Futures climbed as much as 0.7 percent in New York after slumping 6.7 percent last week. A six-month extension to the output cut deal is necessary, the committee concluded, according to delegates with knowledge of the matter. The U.S. dollar weakened against the euro after centrist Emmanuel Macron and far-right nationalist Marine Le Pen headed to the second round of voting, which a snap poll by Ipsos showed Macron would win.

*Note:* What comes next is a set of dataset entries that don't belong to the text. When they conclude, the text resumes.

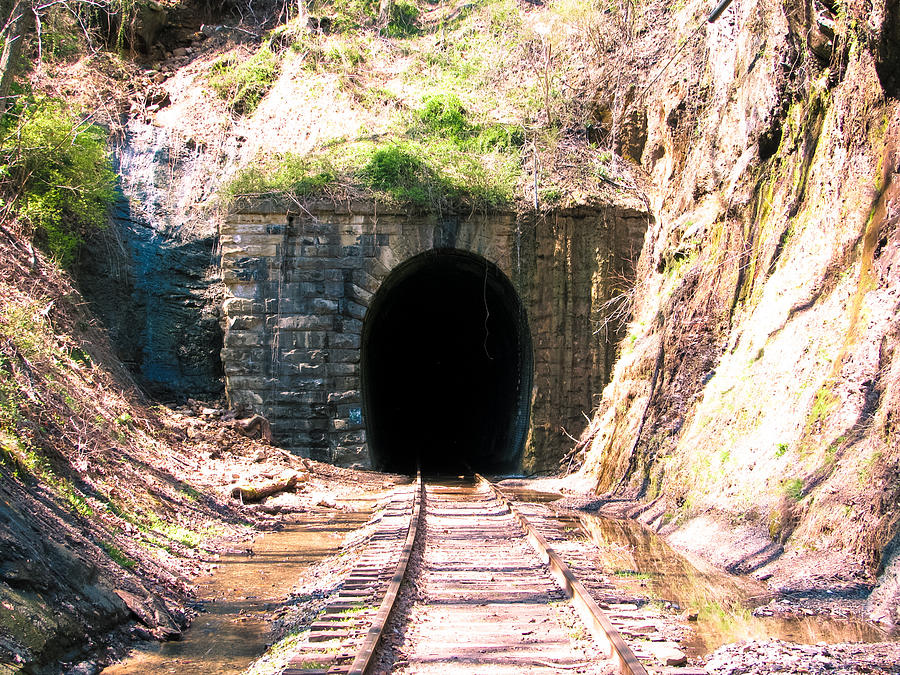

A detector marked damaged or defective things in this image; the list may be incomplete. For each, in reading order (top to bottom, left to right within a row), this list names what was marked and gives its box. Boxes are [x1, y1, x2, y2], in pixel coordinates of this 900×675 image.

rusted rail [282, 472, 422, 675]
rusted rail [478, 476, 652, 675] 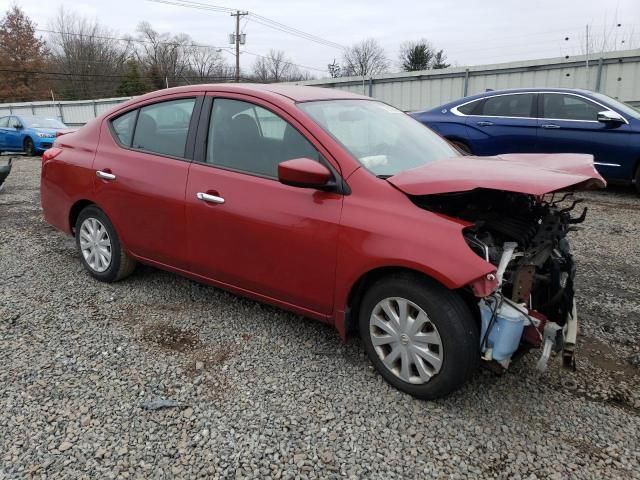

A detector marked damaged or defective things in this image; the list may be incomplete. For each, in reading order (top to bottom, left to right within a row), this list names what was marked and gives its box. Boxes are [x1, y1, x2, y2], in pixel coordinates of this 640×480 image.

damaged red sedan [41, 84, 604, 400]
crumpled front end [412, 188, 588, 372] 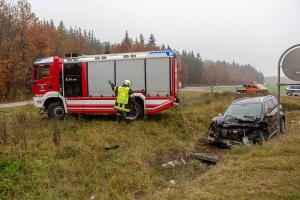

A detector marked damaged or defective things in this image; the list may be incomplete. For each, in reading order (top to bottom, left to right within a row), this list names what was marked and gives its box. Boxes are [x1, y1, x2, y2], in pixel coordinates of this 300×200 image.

crashed black car [207, 95, 284, 147] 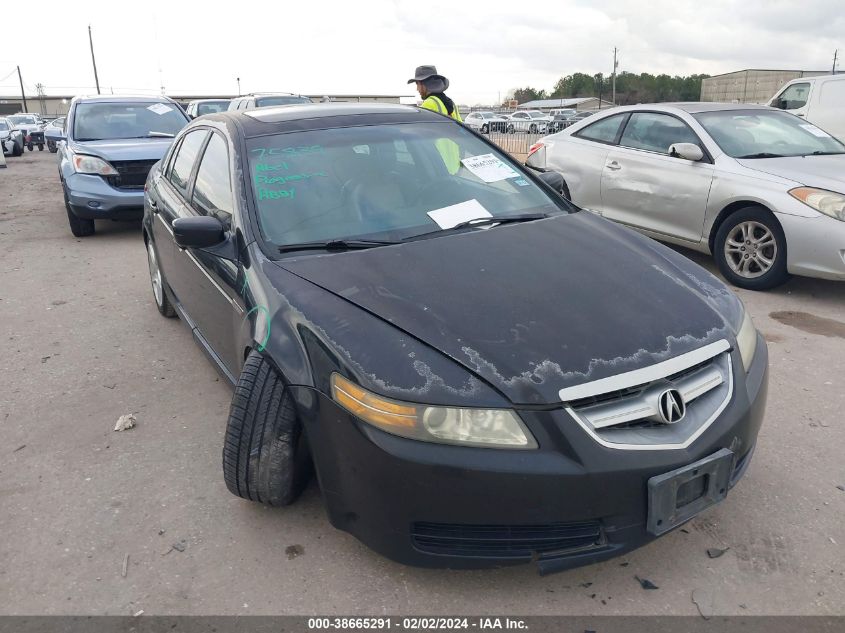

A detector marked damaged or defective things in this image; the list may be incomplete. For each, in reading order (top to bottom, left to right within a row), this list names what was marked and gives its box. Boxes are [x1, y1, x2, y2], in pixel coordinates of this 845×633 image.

damaged car hood [276, 211, 732, 404]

Oil’s rally has faltered amid concern rising U.S. crude production will offset efforts by the Organization of Petroleum Exporting Countries to trim a global glut. Macron securing a spot in the second round avoids the scenario of a contest between the anti-European Union Le Pen and the Communist-backed Jean-Luc Melenchon, curbing threats to the euro zone and encouraging investors to embrace more risk.
“While the increased popularity of the centrist candidate is not a strong market driver, a collective sense of relief that the global economy is over another hurdle should see a risk-on rally,” Michael McCarthy, chief markets strategist at CMC Markets in Sydney, said in a note. “Gold is under selling pressure and oil and copper are receiving support.”

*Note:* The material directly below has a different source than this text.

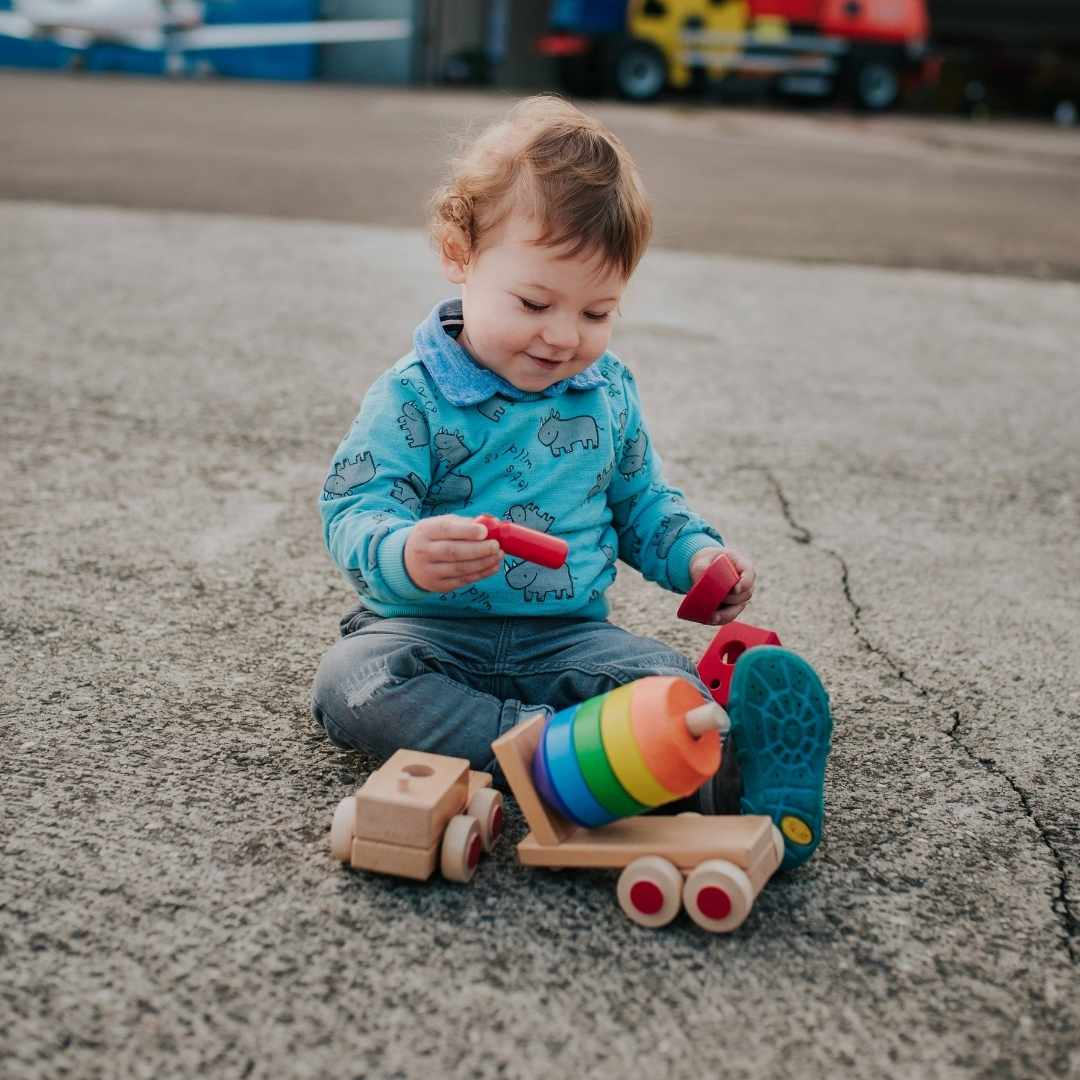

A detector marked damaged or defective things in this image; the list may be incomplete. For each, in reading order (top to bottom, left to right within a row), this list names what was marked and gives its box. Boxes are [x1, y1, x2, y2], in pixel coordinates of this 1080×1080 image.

crack in concrete [747, 460, 1075, 967]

West Texas Intermediate for June delivery rose as much as 33 cents to $49.95 a barrel on the New York Mercantile Exchange, and was at $49.86 at 1:30 p.m. in Hong Kong. Total volume traded was about 6 percent above the 100-day average. Prices closed at $49.62 on Friday, the lowest since March 29.
OPEC Cuts
Brent for June settlement rose as much as 40 cents, or 0.8 percent, to $52.36 a barrel on the London-based ICE Futures Europe exchange. The global benchmark crude traded at a premium of $2.39 to WTI.

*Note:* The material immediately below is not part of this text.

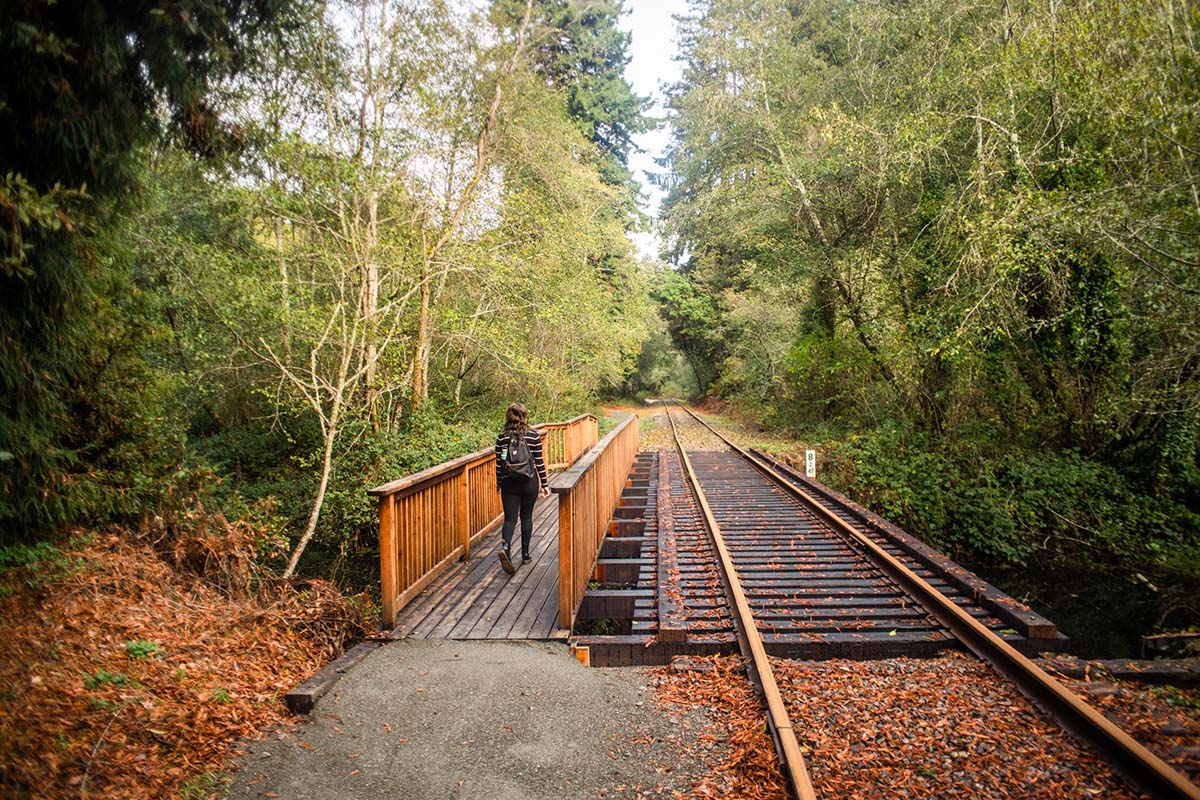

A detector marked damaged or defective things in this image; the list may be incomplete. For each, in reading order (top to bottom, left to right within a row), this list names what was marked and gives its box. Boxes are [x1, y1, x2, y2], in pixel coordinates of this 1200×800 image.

rusty rail [368, 416, 596, 628]
rusty rail [556, 412, 644, 632]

See also: Oil investors raise bets on higher price and lose in selloff
Compliance to supply curbs by OPEC and its allies from outside of the group was 98 percent in March, an improvement from February, the technical committee concluded, according to a delegate with knowledge of the matter. The committee monitors adherence to the cuts and doesn’t make policy.
The Bloomberg Dollar Spot Index lost 0.4 percent. A weaker greenback bolsters the appeal of commodities.
Oil-market news:
U.S. drillers targeting crude added 5 rigs to oil fields, boosting the count to 688, according to data Friday from Baker Hughes Inc. Exxon Mobil Corp. won’t be allowed to bypass U.S. sanctions against Russia to resume drilling for oil in a joint venture that seeks to tap billions of barrels of that country’s crude.